Short web captions:
☆ ☆ ☆ ☆ ☆ ☆ ☆
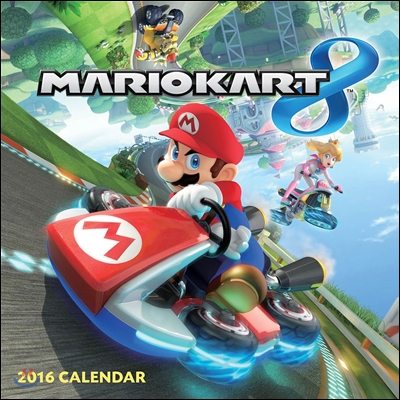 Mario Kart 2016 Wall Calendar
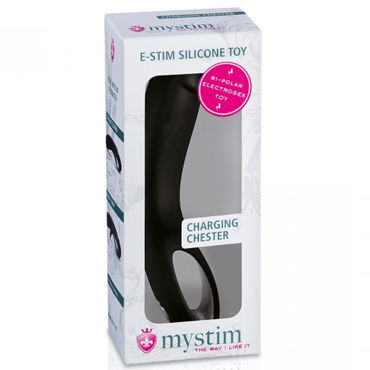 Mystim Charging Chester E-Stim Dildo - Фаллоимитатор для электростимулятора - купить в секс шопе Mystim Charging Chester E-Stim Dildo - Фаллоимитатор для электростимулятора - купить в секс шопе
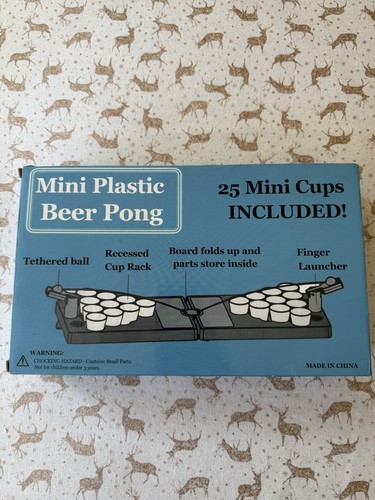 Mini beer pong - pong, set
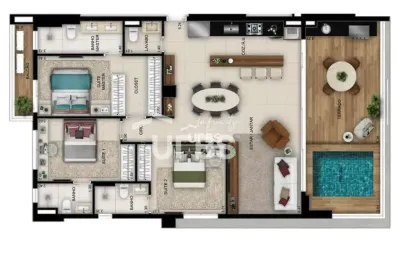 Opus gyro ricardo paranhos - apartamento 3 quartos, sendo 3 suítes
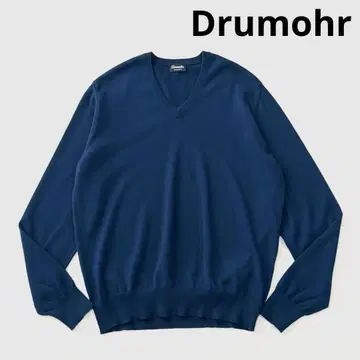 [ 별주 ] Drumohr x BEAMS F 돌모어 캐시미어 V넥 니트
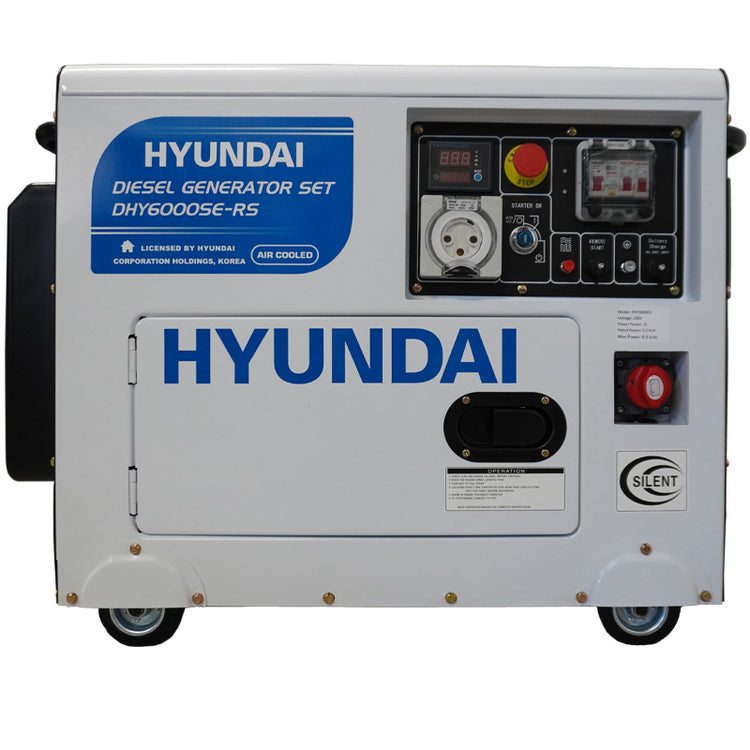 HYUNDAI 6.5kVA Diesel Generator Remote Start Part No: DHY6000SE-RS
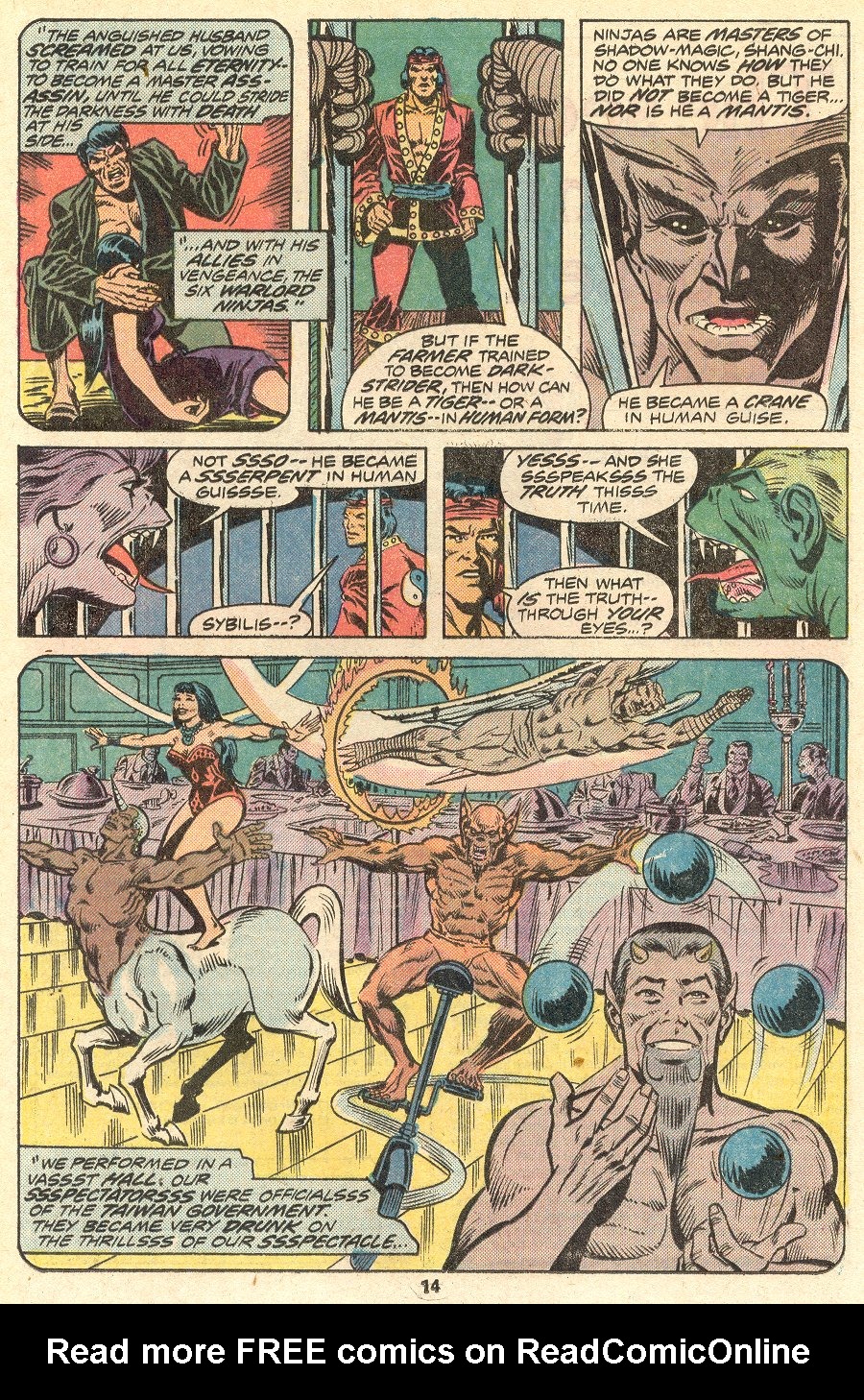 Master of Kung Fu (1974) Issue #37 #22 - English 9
☆ ☆ ☆ ☆ ☆ ☆ ☆
• PROBLEM TO SOLVE
Word-for-word repeat, images excluded: return all the data.

• TASK RESPONSE
 Mario Kart 2016 Wall Calendar
 Mystim Charging Chester E-Stim Dildo - Фаллоимитатор для электростимулятора - купить в секс шопе Mystim Charging Chester E-Stim Dildo - Фаллоимитатор для электростимулятора - купить в секс шопе
 Mini beer pong - pong, set
 Opus gyro ricardo paranhos - apartamento 3 quartos, sendo 3 suítes
 [ 별주 ] Drumohr x BEAMS F 돌모어 캐시미어 V넥 니트
 HYUNDAI 6.5kVA Diesel Generator Remote Start Part No: DHY6000SE-RS
 Master of Kung Fu (1974) Issue #37 #22 - English 9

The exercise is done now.